System Design: Distributed Rate Limiter
Requirements
- Enforce per-user and per-IP limits (e.g., 100 req/min), burst handling, low latency, global distribution.
Approaches
- Token bucket in Redis with Lua scripts (atomic); or sliding window counters.
Architecture
Clients → Gateway → Limiter SDK → Redis/Memcache cluster (sharded) → Fallback local estimators.
Data model
key = tenant:user:minute → counters; or key = tenant:user → (tokens, last_ts).
Consistency
- Prefer strong atomic ops (Lua) per key; eventual across regions with locality; shadow write to secondary.
SLOs
- Check P95 < 5 ms; availability 99.99% (graceful degrade to stricter local limits on Redis outage).
Capacity
- 1M rps checks: shard across 10 Redis primaries (100k rps each); pipeline ops.
Failure modes
- Hot keys → add jitter to keys (bucketize), hierarchical keys.

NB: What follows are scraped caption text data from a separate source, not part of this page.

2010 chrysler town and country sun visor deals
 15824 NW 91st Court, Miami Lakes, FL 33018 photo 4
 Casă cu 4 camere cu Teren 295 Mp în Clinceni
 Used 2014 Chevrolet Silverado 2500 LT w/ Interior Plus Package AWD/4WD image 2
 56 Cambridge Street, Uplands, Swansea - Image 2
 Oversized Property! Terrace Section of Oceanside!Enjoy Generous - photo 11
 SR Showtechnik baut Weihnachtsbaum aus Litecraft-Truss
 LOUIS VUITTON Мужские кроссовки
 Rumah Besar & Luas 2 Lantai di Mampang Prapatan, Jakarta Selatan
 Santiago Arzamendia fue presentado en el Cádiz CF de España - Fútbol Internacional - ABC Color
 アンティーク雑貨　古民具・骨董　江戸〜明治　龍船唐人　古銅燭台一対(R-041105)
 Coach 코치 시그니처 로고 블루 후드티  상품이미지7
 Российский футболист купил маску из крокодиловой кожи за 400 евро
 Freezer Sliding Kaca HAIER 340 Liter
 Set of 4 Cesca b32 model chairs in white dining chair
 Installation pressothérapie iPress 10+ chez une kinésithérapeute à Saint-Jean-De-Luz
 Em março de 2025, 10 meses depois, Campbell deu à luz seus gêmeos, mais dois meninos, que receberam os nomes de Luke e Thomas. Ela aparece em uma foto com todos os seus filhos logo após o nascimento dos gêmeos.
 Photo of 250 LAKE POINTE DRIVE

- Region outage → fail open/closed per product policy.
Lua pseudo (token bucket)
-- KEYS[1]=key, ARGV[1]=now_ms, ARGV[2]=rate_per_s, ARGV[3]=burst
local now=tonumber(ARGV[1])
local rate=tonumber(ARGV[2])
local burst=tonumber(ARGV[3])
local tokens=tonumber(redis.call('HGET', KEYS[1], 't') or burst)
local ts=tonumber(redis.call('HGET', KEYS[1], 'ts') or now)
tokens=math.min(burst, tokens + (now-ts)*rate/1000)
local allowed=tokens>=1 and 1 or 0
if allowed==1 then tokens=tokens-1 end
redis.call('HMSET', KEYS[1], 't', tokens, 'ts', now)
redis.call('PEXPIRE', KEYS[1], 60000)
return allowed
Failover policy
- Redis down: enforce stricter local in‑process leaky bucket; log to audit; restore to central when healthy.